Carl Adolf Theodor Wilhelm Viëtor (/de/; 25 December 1850 – 22 September 1918) was a German phonetician and language educator. He was a central figure in the Reform Movement in language education of the late 19th century, which sought to replace the traditional grammar–translation method with oral language teaching.

He was one of the early members of the International Phonetic Association, founded by Paul Passy in 1886, alongside leading British phonetician Henry Sweet, and served as its president from 1888 until his death.

In 1981, German phonetician Klaus J. Kohler described Viëtor as "the most outstanding figure in the field of descriptive and practical phonetics of individual languages in Germany at the turn of the century".

==Life and career==
The son of a pastor, Viëtor studied theology and philology at the Universities of Leipzig, Berlin, and Marburg, where he received a PhD in philology in 1875. He taught English and French in Düsseldorf, Wiesbaden, and Friedrichsdorf from 1876 to 1882.

In 1882, Viëtor published an influential pamphlet titled Der Sprachunterricht muss umkehren! ("Language teaching must start afresh!") under the pseudonym Quousque Tandem (taken from the opening words of Cicero's speech to Catiline), which spurred the Reform Movement in foreign language teaching in Europe. Its English translation, by A. P. R. Howatt and David Abercrombie, was published in 1984.

In 1884, Viëtor was appointed associate professor of English philology at the University of Marburg. In 1886, Viëtor joined the International Phonetic Association founded by Paul Passy, then known as the Phonetic Teachers' Association, of which he became President two years later.

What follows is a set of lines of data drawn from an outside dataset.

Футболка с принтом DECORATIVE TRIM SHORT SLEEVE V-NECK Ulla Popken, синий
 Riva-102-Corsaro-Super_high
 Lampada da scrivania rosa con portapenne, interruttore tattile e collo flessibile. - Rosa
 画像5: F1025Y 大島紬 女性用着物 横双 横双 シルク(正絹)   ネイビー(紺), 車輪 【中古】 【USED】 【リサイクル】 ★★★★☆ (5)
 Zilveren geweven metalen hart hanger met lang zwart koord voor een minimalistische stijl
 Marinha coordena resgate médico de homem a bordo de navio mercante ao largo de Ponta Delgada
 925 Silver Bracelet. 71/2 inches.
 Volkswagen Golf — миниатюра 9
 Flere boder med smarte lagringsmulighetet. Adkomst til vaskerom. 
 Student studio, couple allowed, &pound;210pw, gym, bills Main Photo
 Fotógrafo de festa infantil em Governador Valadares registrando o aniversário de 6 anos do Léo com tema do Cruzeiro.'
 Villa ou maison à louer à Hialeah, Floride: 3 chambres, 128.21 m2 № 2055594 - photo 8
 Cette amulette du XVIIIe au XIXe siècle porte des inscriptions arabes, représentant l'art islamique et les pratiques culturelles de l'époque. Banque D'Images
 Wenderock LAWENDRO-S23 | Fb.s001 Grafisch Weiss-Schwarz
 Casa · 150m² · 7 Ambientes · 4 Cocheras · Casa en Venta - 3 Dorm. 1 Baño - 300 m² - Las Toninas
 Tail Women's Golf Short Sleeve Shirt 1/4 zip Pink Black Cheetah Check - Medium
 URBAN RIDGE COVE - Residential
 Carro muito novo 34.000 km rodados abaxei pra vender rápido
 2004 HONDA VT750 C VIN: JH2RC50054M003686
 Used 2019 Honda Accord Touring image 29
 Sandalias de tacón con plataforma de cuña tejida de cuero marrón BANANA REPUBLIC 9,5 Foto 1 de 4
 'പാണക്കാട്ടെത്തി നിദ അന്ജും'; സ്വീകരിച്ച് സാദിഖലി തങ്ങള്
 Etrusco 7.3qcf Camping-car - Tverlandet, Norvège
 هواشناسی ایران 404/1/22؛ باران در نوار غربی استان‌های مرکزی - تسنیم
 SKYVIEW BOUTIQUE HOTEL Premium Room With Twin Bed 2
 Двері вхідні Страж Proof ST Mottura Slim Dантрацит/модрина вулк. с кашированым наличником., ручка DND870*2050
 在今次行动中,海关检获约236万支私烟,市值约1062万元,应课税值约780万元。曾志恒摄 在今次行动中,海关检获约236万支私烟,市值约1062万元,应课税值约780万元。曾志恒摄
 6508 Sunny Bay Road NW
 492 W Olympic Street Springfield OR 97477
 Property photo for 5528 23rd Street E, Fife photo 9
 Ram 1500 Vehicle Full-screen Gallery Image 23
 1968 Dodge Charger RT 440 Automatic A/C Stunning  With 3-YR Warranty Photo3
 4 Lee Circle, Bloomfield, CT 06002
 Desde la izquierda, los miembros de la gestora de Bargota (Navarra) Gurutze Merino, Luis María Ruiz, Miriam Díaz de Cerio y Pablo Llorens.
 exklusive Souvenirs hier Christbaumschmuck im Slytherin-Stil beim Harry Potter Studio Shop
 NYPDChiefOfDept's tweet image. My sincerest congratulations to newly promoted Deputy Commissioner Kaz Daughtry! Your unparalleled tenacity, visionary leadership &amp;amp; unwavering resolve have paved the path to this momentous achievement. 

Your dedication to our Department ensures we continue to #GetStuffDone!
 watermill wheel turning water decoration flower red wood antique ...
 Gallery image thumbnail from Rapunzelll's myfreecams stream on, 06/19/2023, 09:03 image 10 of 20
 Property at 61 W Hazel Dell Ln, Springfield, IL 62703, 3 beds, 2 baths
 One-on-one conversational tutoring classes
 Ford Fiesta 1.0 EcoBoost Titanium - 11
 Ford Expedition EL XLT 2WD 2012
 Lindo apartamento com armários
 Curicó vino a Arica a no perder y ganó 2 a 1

He launched the phonetics journal Phonetische Studien in 1888 and the language teaching journal Die neueren Sprachen, which absorbed the former, in 1893.

Viëtor authored two successful textbooks in phonetics: Elemente der Phonetik, first published in 1884, went through seven editions by 1923; Die Aussprache des Schriftdeutschen, first published in 1895, reached its eleventh edition in 1925. He also revised and edited works by the British phonetician Laura Soames, including Introduction to English, French and German Phonetics (1899). Viëtor also compiled Deutsches Aussprachewörterbuch (1912), which likely played a role in inspiring Daniel Jones to publish the English Pronouncing Dictionary (1917).

From 1899 to 1901, Viëtor held summer schools at Marburg, which were attended by language teachers from all over Europe.